И как ни возмущается герой-повествователь игриво-насмешливым рассказом очаровательной кокетки, выставляющей объект его преклонения в довольно неприглядном виде позера и сноба, уничтожить, перечеркнуть этот портрет, равно как и привести образ Себастьяна к единому и общезначимому знаменателю, монополизировать право на «завершающее слово» о нем, он не в состоянии. «Ветреная капризница», у которой «один из самых замечательных писателей своего времени» очень скоро стал вызывать лишь приступы томительной скуки, имела полное право на собственную версию Себастьяна Найта – как и сам В., как и Гудмэн, как и любой другой имярек, в чьей душе он оставил неизгладимый отпечаток.
Человеческая душа – «всего лишь способ бытия, а не какое-то неизменное состояние» – именно эта мысль венчает поиски героя-повествователя, усвоившего, по его мнению, одну из важнейших тайн человеческого существования, смысл которой заключается в том, что «всякая душа станет твоей, если уловить ее биение и следовать за ним».

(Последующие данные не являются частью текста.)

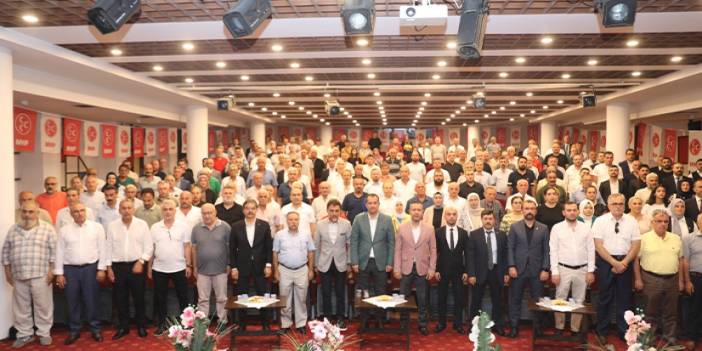 Başkan Ekim MHP’nin 14. olağan kongresine katıldı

Однако, придя к этому важному выводу, повествователь так и не смог выполнить задуманное – вопреки всем правилам детективной игры ключ к тайне Себастьяна Найта так и не был найден.
Более того, еще до этого несколько обескураживающего финала, по мере развития действия, в голове у читателя все больше и больше растет сомнение: существовал ли Себастьян Найт на самом деле, не вымысел ли он героя-повествователя и, наконец, не пишет ли неутомимый В. (то есть сам Найт) вместо биографии хорошо замаскированную автобиографию, выдавая себя за несуществующего сводного брата.
Оснований для подобного рода подозрений более чем достаточно. Начнем с того, что в своей биографии мистер Гудмэн ничего не говорит о существовании сводного брата Себастьяна Найта. Дважды упоминая об этом обстоятельстве (в первой и шестой главах), повествователь уже в самом начале романа горько жалуется на то, что может показаться читателю «каким-то ложным родственником, говорливым самозванцем».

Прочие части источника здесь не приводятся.